The video game maker miHoYo has found itself at the center of another plagiarism controversy. However, this one deals with a fan art competition where one of the winners has had their prize revoked over allegations of plagiarism.
The story centers around the game Geshin Impact, an anime-themed role-playing game that has become popular with fans of the genre. Back in 2020 miHoYo launched a fan art contest and promised in-game rewards for 50 artists. Shortly after the December 27 deadline passed, miHoYo picked their winners and the contest seemed to be over.
However, not long after the announcement others noticed similarities between the work of one of the winners, namely “thewickedren” and various other artists.
This came to a head on a thread on the Geshin Impact subreddit where user Kibouo specifically called out thewickedren for tracing the works. The post provided several examples including art from a 2016 work.
To make matters worse, that same day thewickedren posted another thread in the same subreddit claiming that his art was being sold on stickers and he needed advice on how to stop it.
However, after he was confronted about the tracing, thewickedren began deleting his posts and his accounts. This includes both his Reddit account and his DevinatArt account, where he had previously posted the winning work.
miHoYo, for their part, responded to the allegations quickly. They posted on their Twitter that they had investigated the claims, found them to be true and had revoked the winner’s prizes. Furthermore, they banned the person from participating in any future community events though stopped short of banning them from the game.
But while all of that is an interesting story, eagle-eyed readers with a great memory might recall that this isn’t the first time we’ve discussed Geshin Impact on this site. Back in August 2019, prior to the game’s launch, it faced a plagiarism allegation of its own.
The First Geshin Impact Plagiarism Controversy
In August 2019, miHoYo began showing off footage and marketing material for Geshin Impact ahead of its launch. First at the the China Joy gaming expo and then later that month at E3.
However, many gamers, in particular Nintendo fans, were not happy with the game’s presentation. They felt that the art, mechanics and gameplay were too similar to the 2017 Nintendo game Breath of the Wild.
This resulted in protests at E3, including one where a gamer smashed PlayStation 4, and a tremendous debate about where the lines are drawn between plagiarism, cloning and mere inspiration.
However, over time the controversy seemed to die down and Geshim Impact was released and would go on to find its own audience and its own group of fans.
Those fans, in turn, are extremely passionate about plagiarism and about stopping it. After all, this was a community-led initiative to not only call out the plagiarism, but to gather the evidence needed to make the case.
Due to their efforts, there is no doubt that thewickedren did trace the winning entry. miHoYo, for their part, responded quickly and decisively investigating the claims, finding them to be true and then not only revoking the award but banning the individual from participating in future contests.
All in all, it’s a perfect response from both the community and miHoYo and it speaks well of both. It’s a lesson that other companies (as well as other communities) could learn from.
So where does all of this leave us? One thing that is clear is that the video game community is passionate about plagiarism.
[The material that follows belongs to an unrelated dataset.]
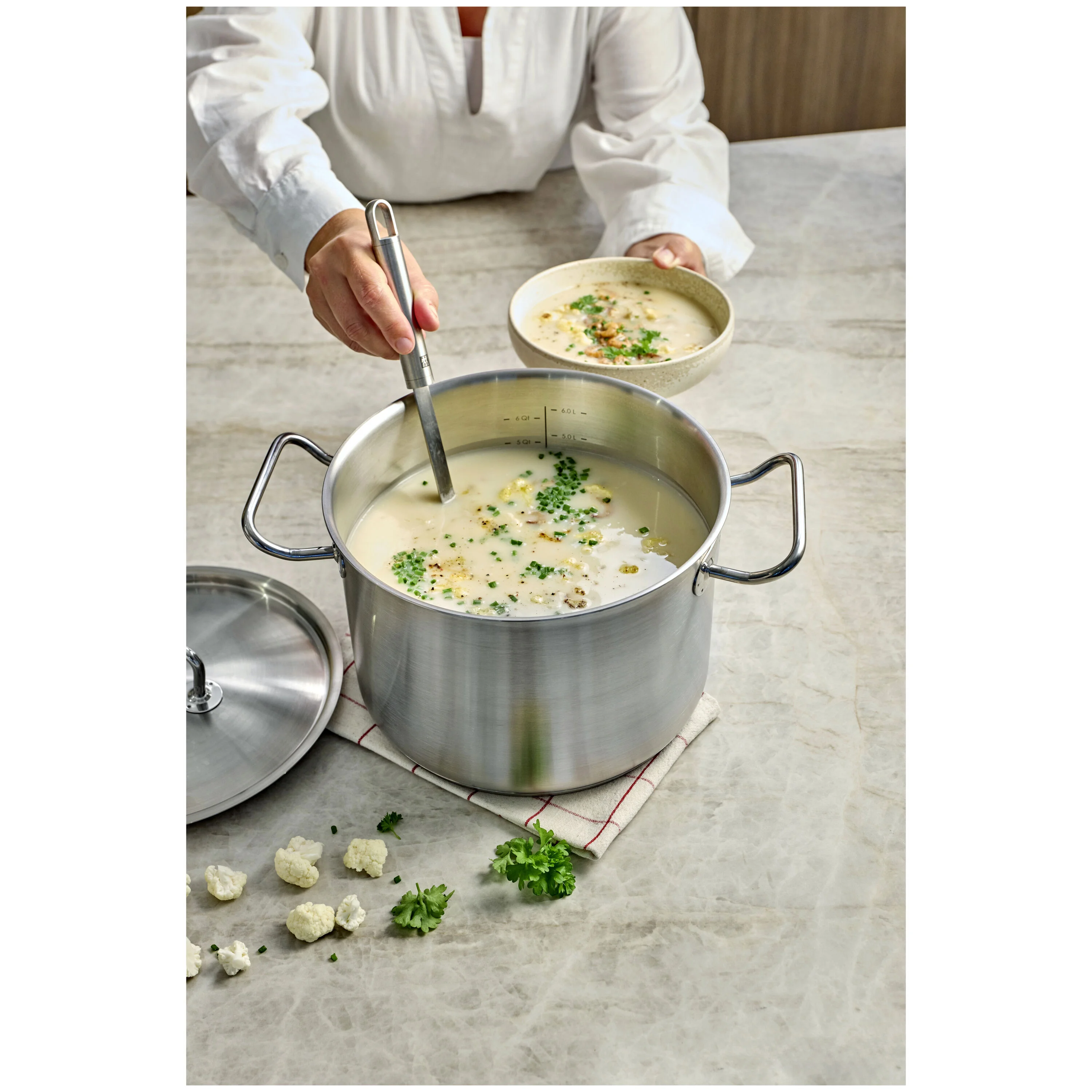Classic Pro 3, Soeppan met deksel 24 cm / 7,5 l, large 3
We’ve seen this before. when video game reviewer Filip Miucin was caught plagiarizing his review of the game Dead Cells, he not only was fired from IGN nearly immediately, but faced stiff backlash from the community. However, when he attempted to return two years later, he found the community was still very hostile to him over his misdeeds.
However, that view of plagiarism is also a nuanced one. Video games copy and borrow from one another all the time and usually without incident. From PUBG starting the Battle Royale craze to Wolfenstein 3D starting trend of first-person shooters, games have a long history of borrowing from one another and improving on their forefathers.
But, when a video game crosses the line (or give the impression it is crossing the line) and enters into being a clone or a simple plagiarism, the community is there to react. The same is true within fandoms itself, as this story shows.
It’s good to see communities working against plagiarism while also working to understand it and having real discussions about boundaries. Though this case may not be a real test of boundaries considering it was a full-on trace, it’s still comforting to know that is what the video game community is doing.